Dow suggests the market potential for these shingles is $5 billion, and the materials involved – copper indium gallium diselenide, or CIGS – are, while expensive, used so sparingly that cost is a small factor in their production, at least compared to traditional solar panels. In addition, the manufacturing process uses molded plastic, which makes them adaptable to a wide range of shapes and surfaces, where most panels are rigid.

These BIPVs, or building-integrated photovoltaics, generally combine solar photovoltaic (PV) elements like crystalline silicon with asphalt, fiber-cement, metal or even slate to create a roofing material that protects while it also provides electricity.

For example, Florida-based OkSolar offers what it calls SHR shingles, which – textured to blend with conventional asphalt shingles – offer rolled surfaces 12 inches wide by 86.5 inches long which can be nailed in place and which bond in place under the heat of the sun. Lead wires are passed through the roof and connected on the underside with an inverter to deliver electricity.
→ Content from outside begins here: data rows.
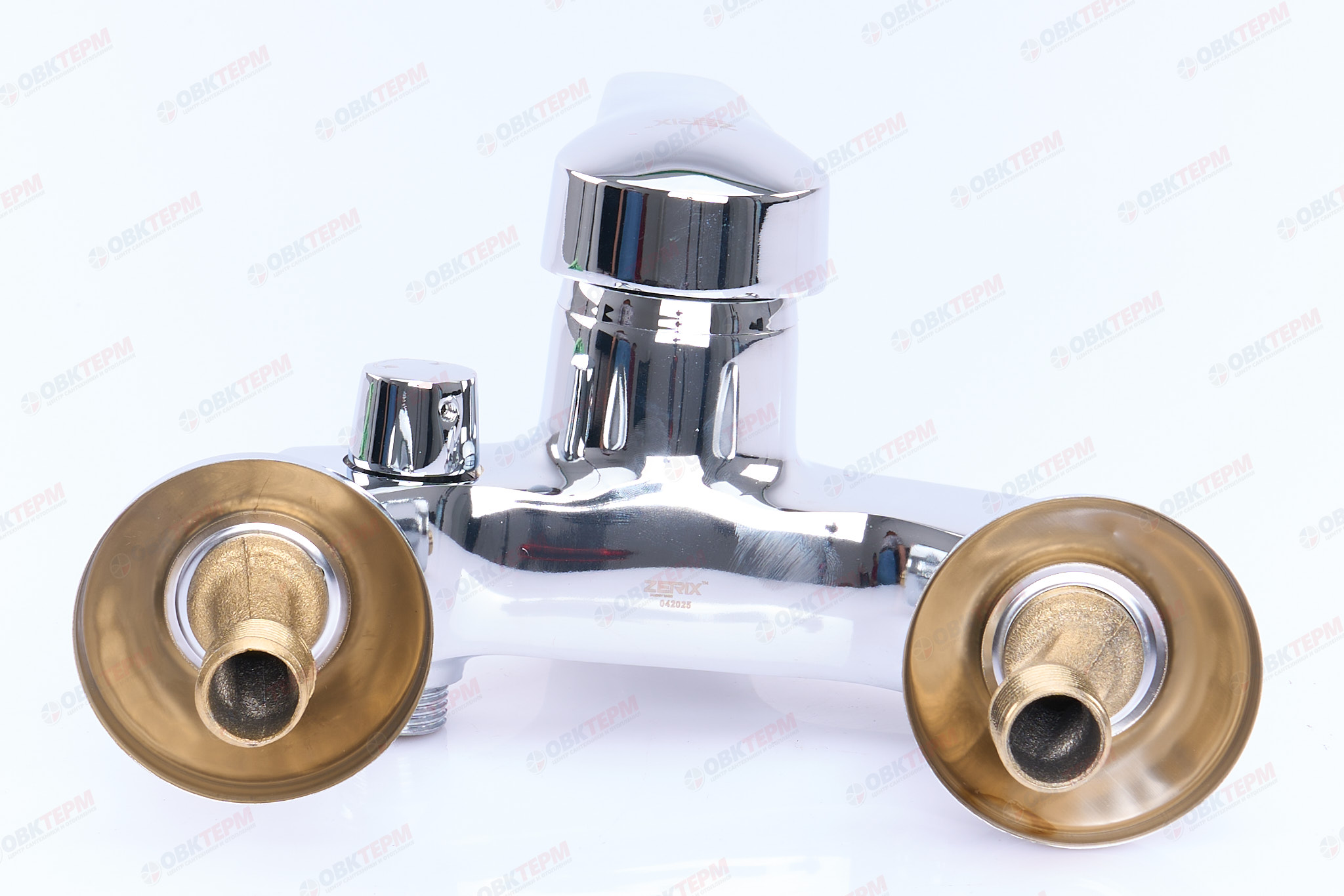 Смеситель д/ванны корот. ZERIX FAD 182  (6 шт/ящ) - миниатюра №3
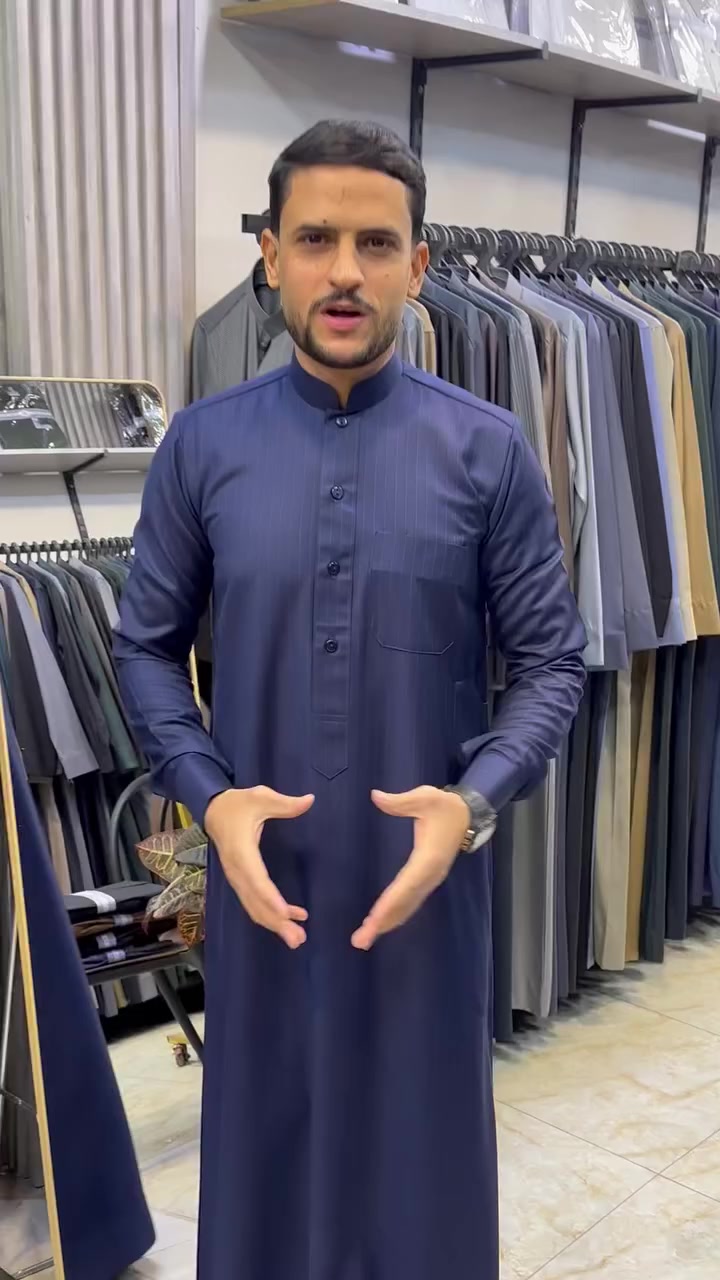 موديل دكم فقط ب20
سحاب او طباقات ب30 دشداشه شتائي درجى اولى وعليه عرض لفتره محدوده


**إذا كنت صاحب هذا الإعلان وتريد حذفه لأي سبب، رجاءا أرسل رسالة إلى الدعم الفني**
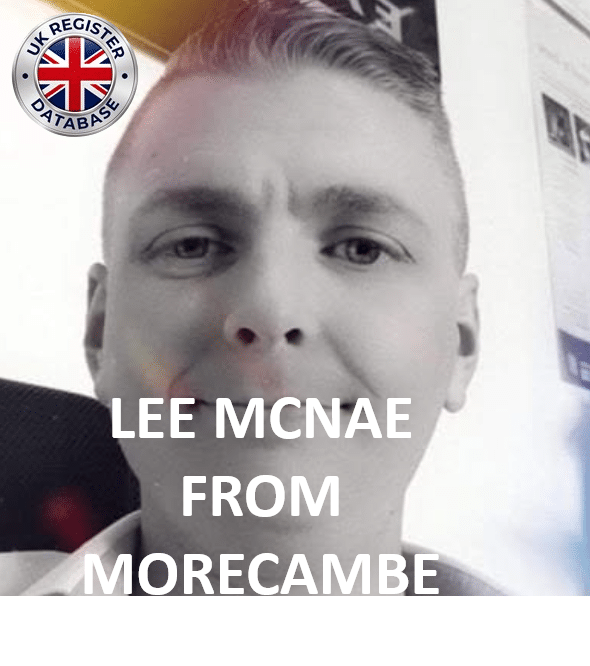 LEE MCNAE FROM MORECAMBE JAILED AT PRESTON CROWN COURT Lee McNae Sentenced for Sexual Activity with a Child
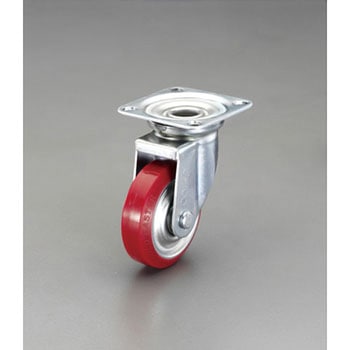 100mm キャスター(自在金具付) エスコ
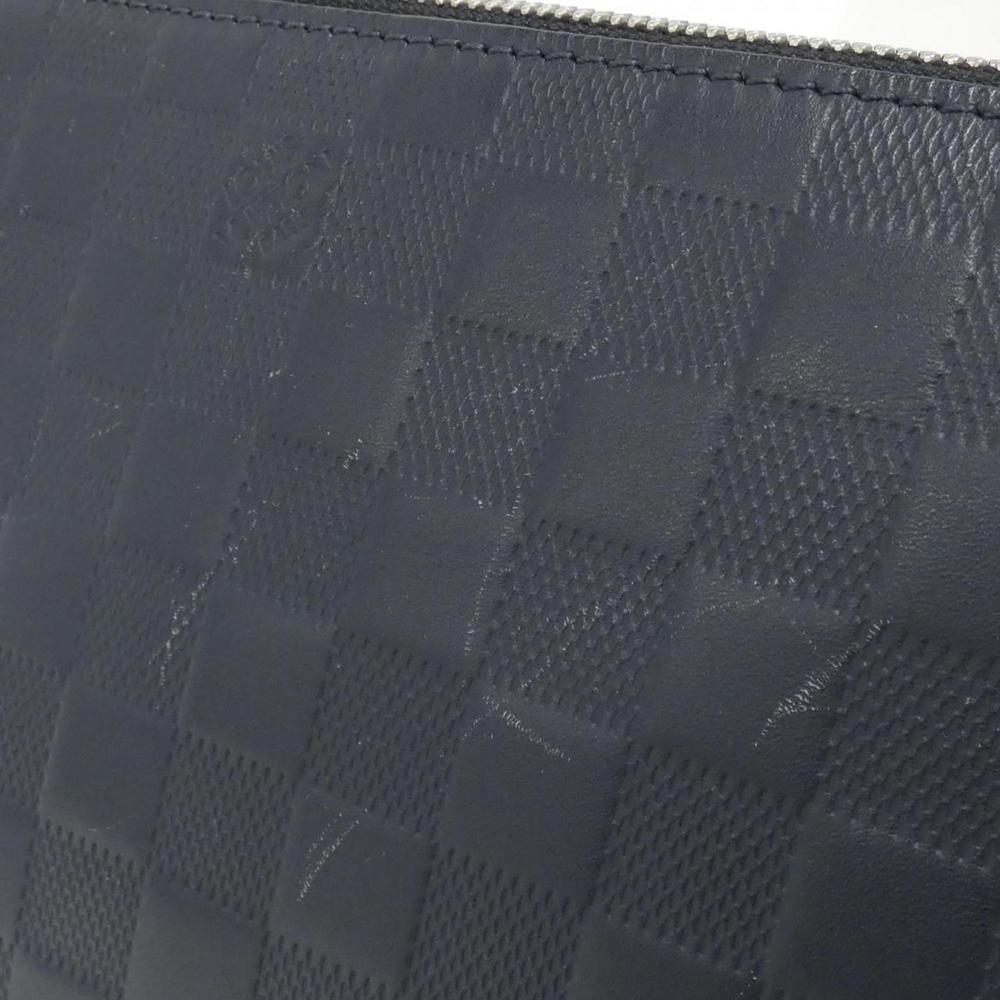 LOUIS VUITTON Silver Damier Shoulder Bag - Picture 4 of 8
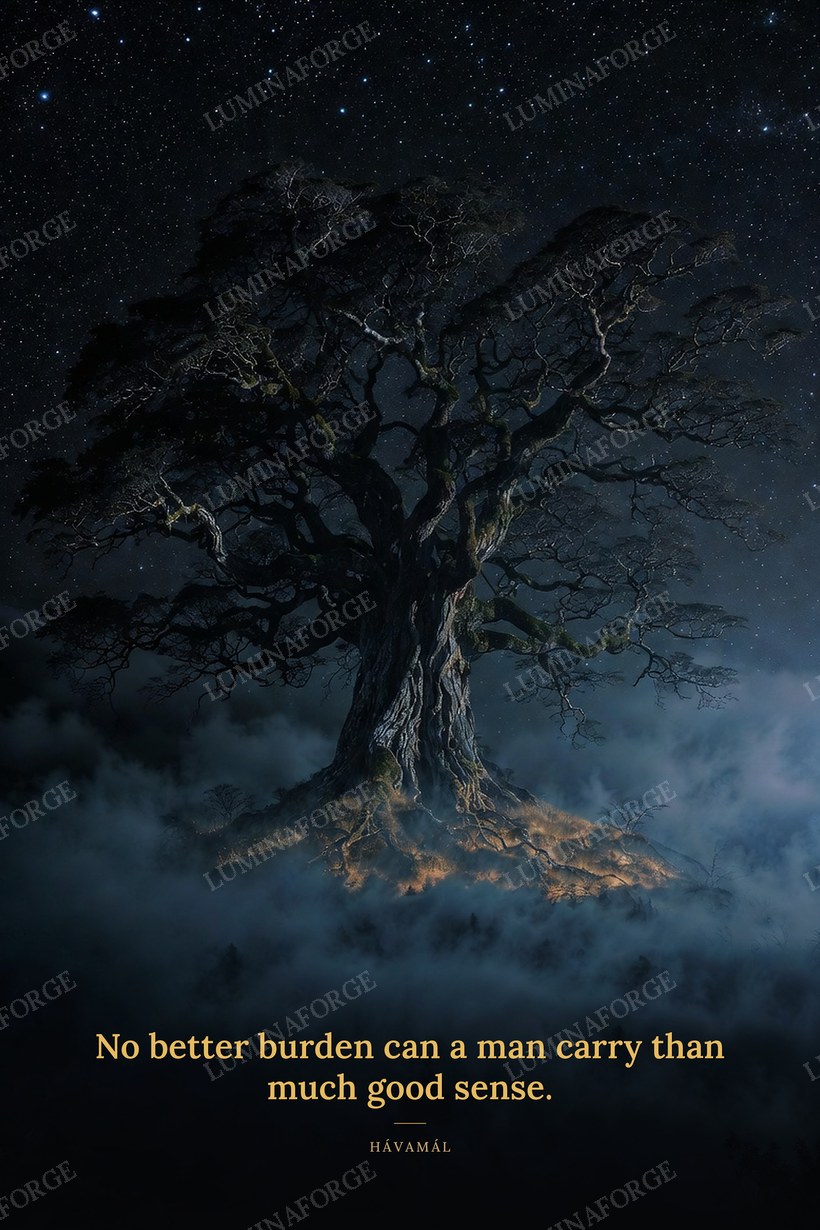 Yggdrasil Norse wall art print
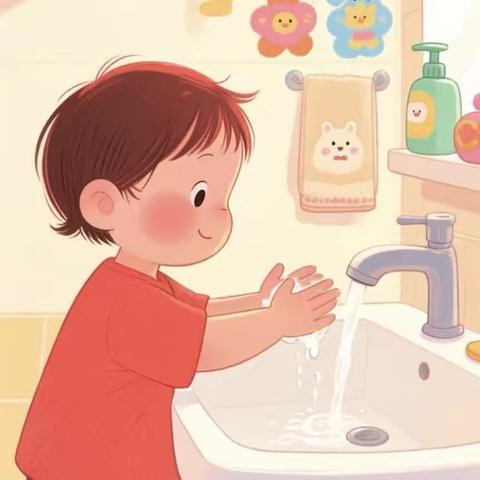 【快乐入园】第六集  ‍  幼儿园里的盥洗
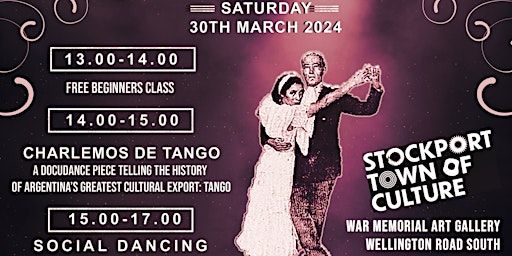 CHARLEMOS de TANGO | Stockport War Memorial Art Gallery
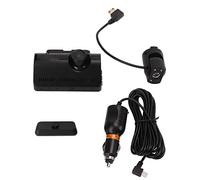 Akozon Dual Tablero de Control de la Cámara de la Cámara de Amplio ángulo Registrador de Conducción de Automóvil Pequeña Tarjeta de Memoria 170 ° FHD Monitor de Estacionamiento de
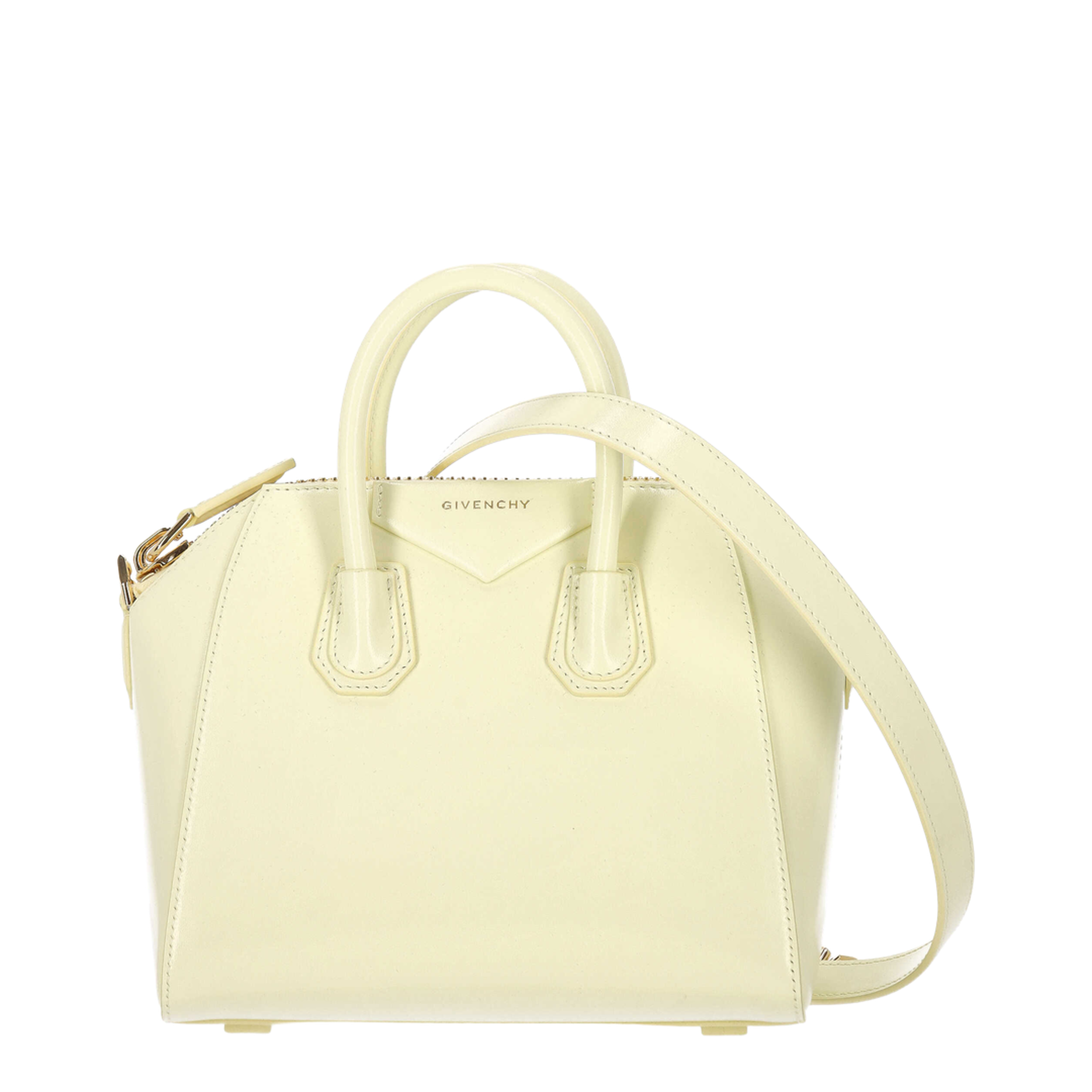 Mini Antigona Bag in Box Leather - Image 2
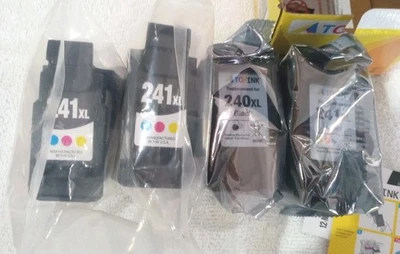 Ink Cartridges for Canon PG-240XL CL-241XL PIXMA MG2220 MG3600 TS5120 MG3620 - Image 1 of 3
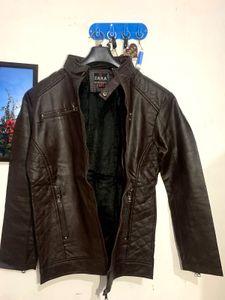 Brown Leather Jacket All Size Available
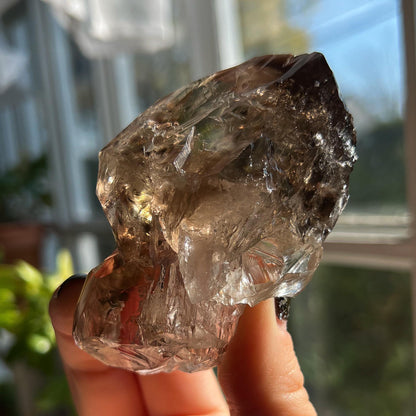 Smoky Quartz Sceptor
Michigan-based Uni-Solar also offers a solar shingle which won Popular Science’s “Best of What’s New” award and Discover Magazines “Technical Innovation Award”. And San Jose, California-based SunPower makes SunTiles, an all-black solar shingle design that integrates into both flat and clay-tile type roofs.

So why does Dow come in for so much press? Because it’s big, well financed, experienced, and can back its claims with a wealth of materials and technical expertise that will likely make the dream a reality very quickly. It also helps that Dow says its solar shingles are easily installed – 10 hours versus 20 to 30 hours for solar panels. This is important because installation costs represent about the half the expense of a roof-mounted solar array.

Dow also plans to keep the cost of its solar roof shingles lower (about 30 to 40 percent lower, in fact, than solar panels), and – though nothing has been said about connectivity features – one would suppose a company of Dow’s standing could find an inexpensive way to tie all the shingles together to produce electricity. Their efficiency rating (about 10 percent) is well below that of most polysilicon cells, but would also cost 10 to 15 percent less per watt.

The biggest plus, in an America increasingly divested of production facilities, is that the solar shingles will be made here in the United States, most of them at Dow’s Husky Quadloc Tandem injection press facility in Midland, Michigan, near where Dow has its corporate headquarters.

The 2010 rollout will take place at new housing developments planned by Pulte Homes, Inc. and Lennar Corp., both of whom will reportedly partner with the chemical giant to field-test the solar shingles. The U.S. Department of Energy is funding part of the process with a $20-million loan.